Dataset extract START

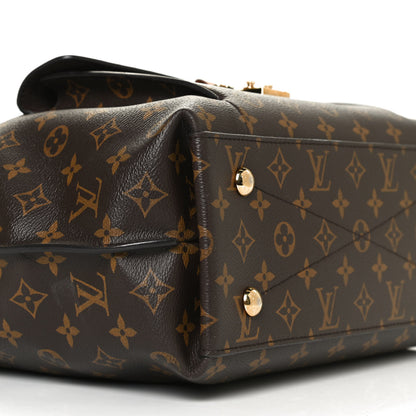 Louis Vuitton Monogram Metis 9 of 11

Dataset extract END
Dataset extract START

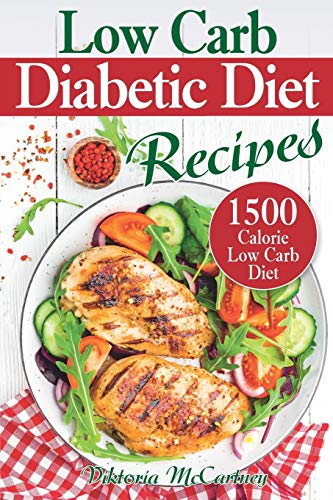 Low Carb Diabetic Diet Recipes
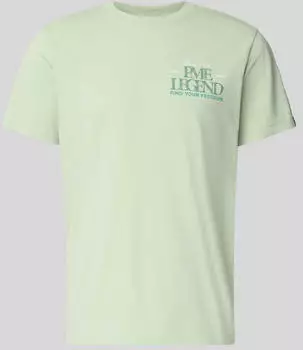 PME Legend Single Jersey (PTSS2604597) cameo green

Dataset extract END
Dataset extract START

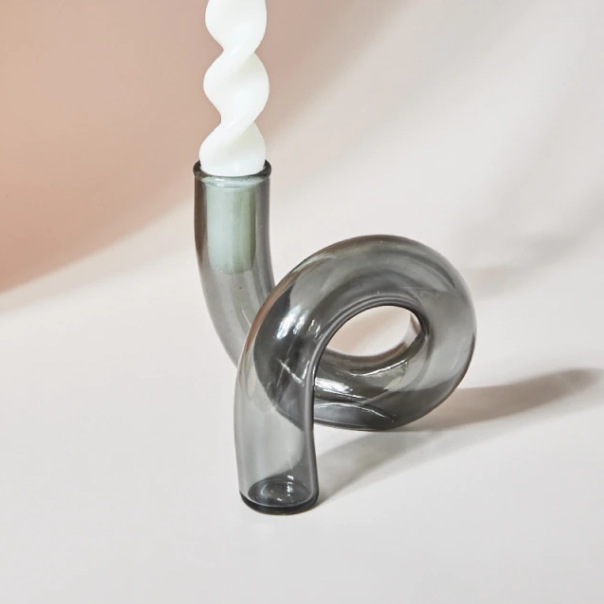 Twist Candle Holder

Dataset extract END

Look above for the line with "Low Carb Diabetic Diet Recipes" and the line with "PME Legend Single". Copy them and every line between, exactly, but no pictures.

 Low Carb Diabetic Diet Recipes
 PME Legend Single Jersey (PTSS2604597) cameo green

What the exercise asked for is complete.